Reactions: Informative 2


----------



## Dennis Ford (May 6, 2016)

My experience with oak is that it is unforgiving when doing twice turned bowls. When the wood is clear of knots, turned to 10% thickness and dried carefully; I get decent rate of success. Any knots or too close to the pith or turned too thick and it cracks. Turned too thin and it warps so much that it can not be turned round again. When it is right, makes attractive bowls.


----------



## Corjack (May 6, 2016)

I am going to rough out this tree, and see what happens before I cut a bunch more of it.


----------



## Tony (May 7, 2016)

Thanks for taking to time to explain that process Ron, very informative. Tony


----------



## Mike Mills (May 7, 2016)

Corjack said:


> I have a Oneway Talon, and the Super Nova. Not a big fan of the Nova chuck. Friggin bassackward thing.
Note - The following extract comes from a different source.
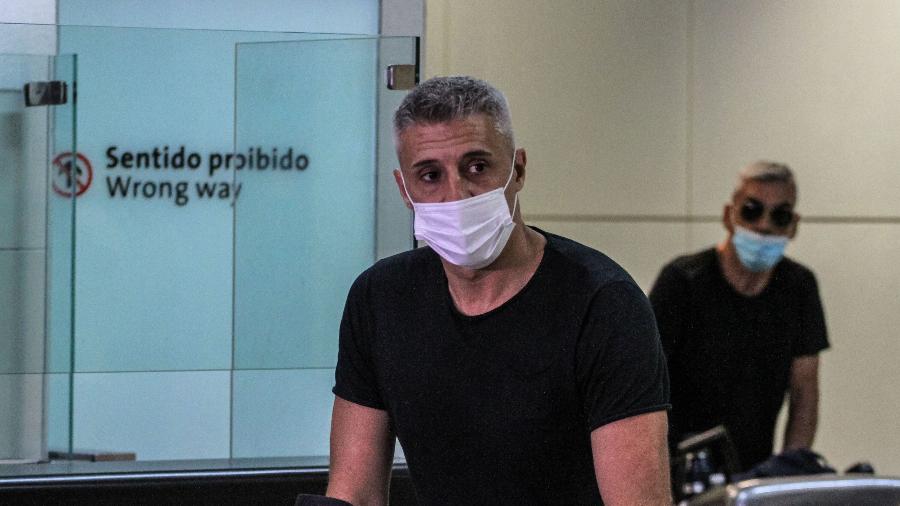 O argentino Hernán Crespo, novo técnico da equipe do São Paulo, desembarca no Aeroporto Internacional de Cumbica  - BRUNO ESCOLASTICO/PHOTOPRESS/ESTADÃO CONTEÚDO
You do realize that if you use the Oneway for tenons and the Nova for recesses then they will both be righty-tighty.


----------



## Corjack (May 7, 2016)

That would be great if I ever did any recesses. However it is still just a backwards PITA.

Reactions: Agree 1


----------



## GeorgeS (May 10, 2016)

@Corjack What coring system are you using sir? Sorry in advance if I missed it above.


----------



## Corjack (May 10, 2016)

It is a woodcut bowlsaver.


----------



## GeorgeS (May 10, 2016)

Thank you sir!


----------